#### [Source material]
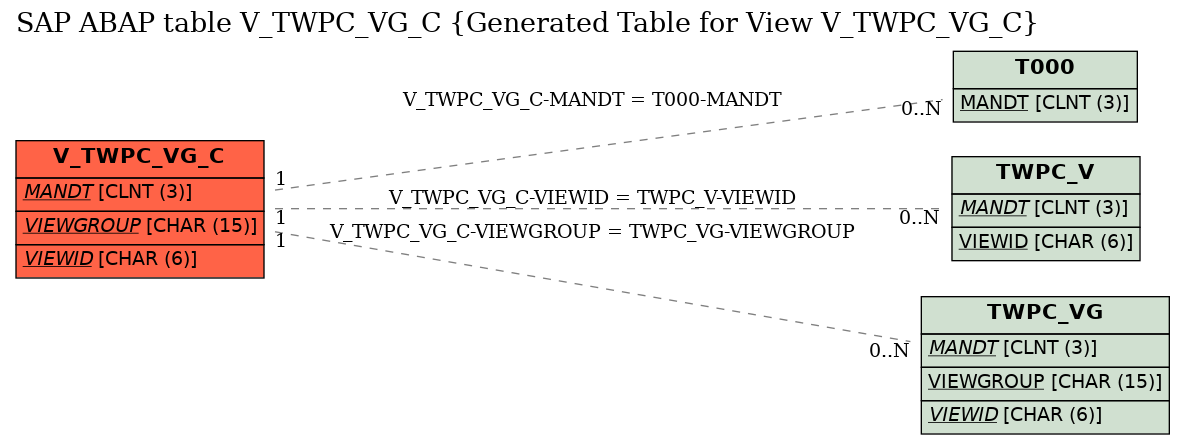 E-R Diagram for table V_TWPC_VG_C (Generated Table for View V_TWPC_VG_C)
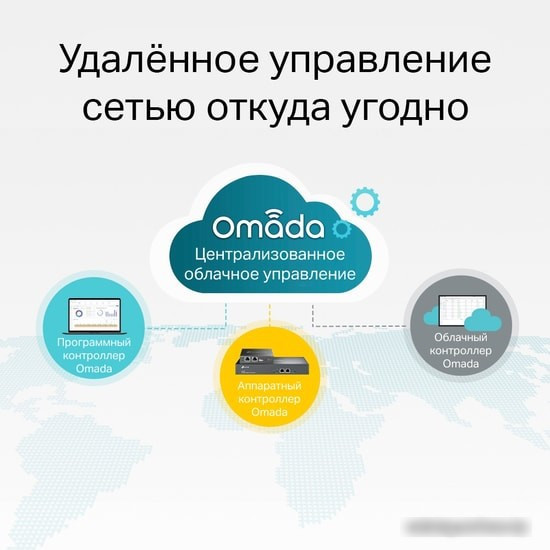 Управляемый коммутатор 2-го уровня TP-Link TL-SG3428MP V5.2 - фото 4 - id-p221172723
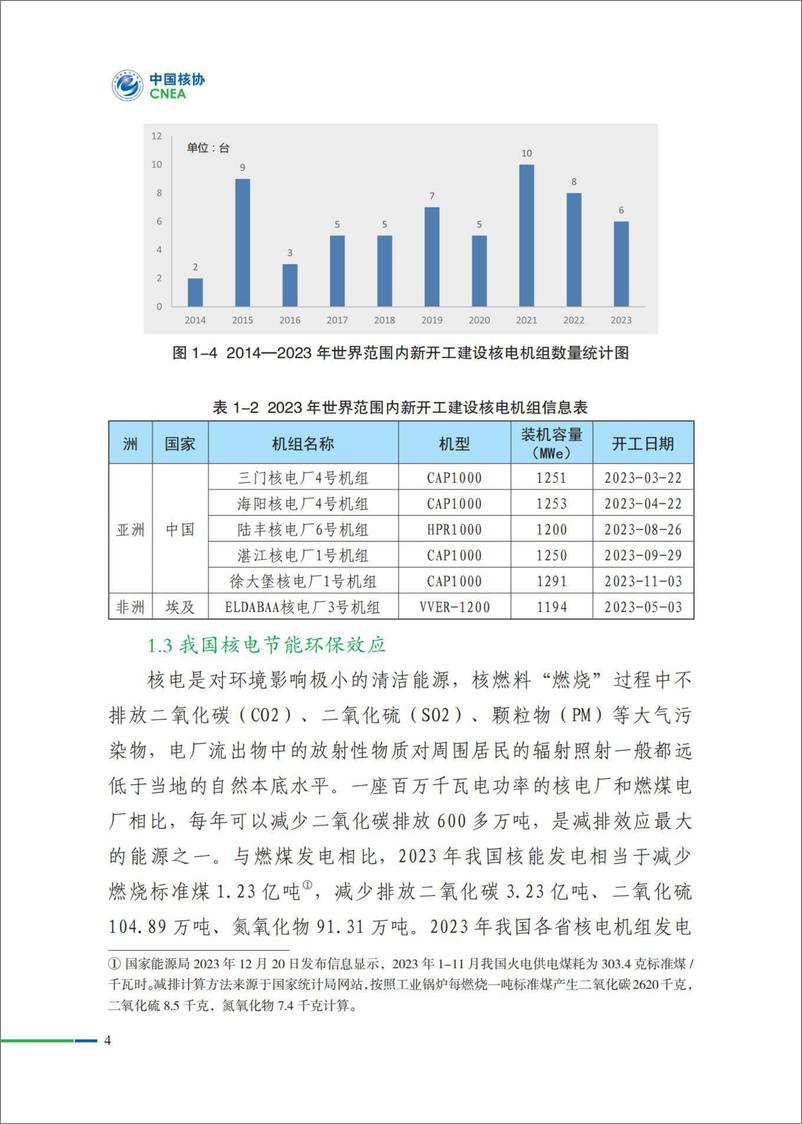 《中国核能行业协会_我国核电运行年度综合分析核心报告_2023年度_》 - 第7页预览图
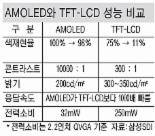 능동형 유기발광다이오드(AM OLED) 란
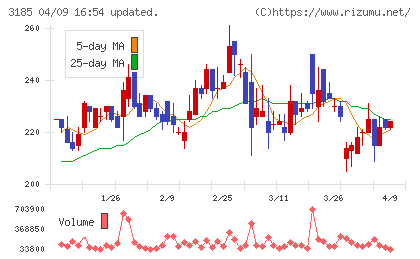 夢展望チャート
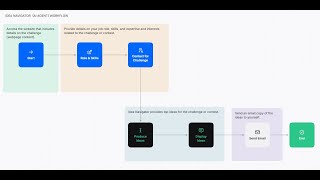 Idea Navigator AI Agent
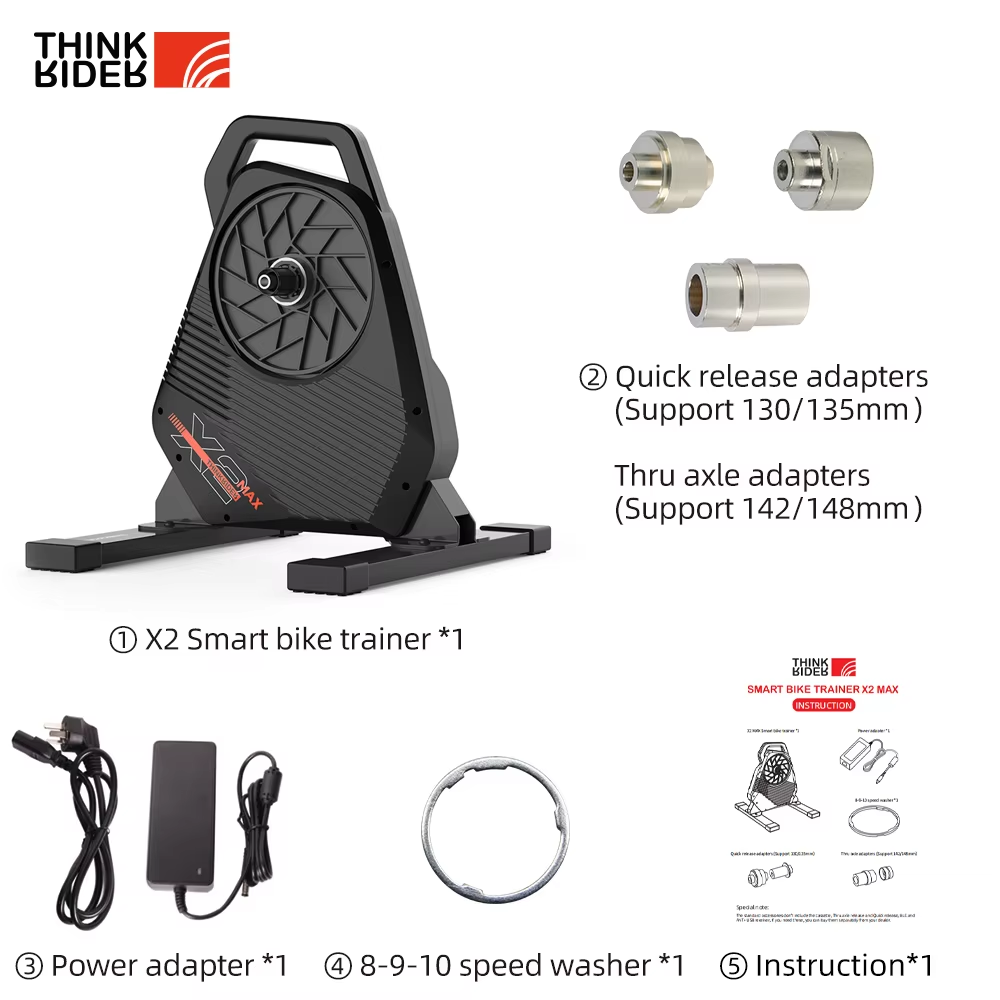 Nouveau ThinkRider X2Max entra - Smart Home Energy Monitor avis et prix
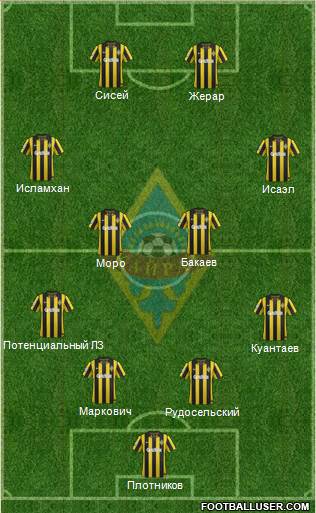 Kairat Almaty Formation 2015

#### [What to produce]
Reproduce the records above word for word, without the images.

#### [Finished task]
 E-R Diagram for table V_TWPC_VG_C (Generated Table for View V_TWPC_VG_C)
 Управляемый коммутатор 2-го уровня TP-Link TL-SG3428MP V5.2 - фото 4 - id-p221172723
 《中国核能行业协会_我国核电运行年度综合分析核心报告_2023年度_》 - 第7页预览图
 능동형 유기발광다이오드(AM OLED) 란
 夢展望チャート
 Idea Navigator AI Agent
 Nouveau ThinkRider X2Max entra - Smart Home Energy Monitor avis et prix
 Kairat Almaty Formation 2015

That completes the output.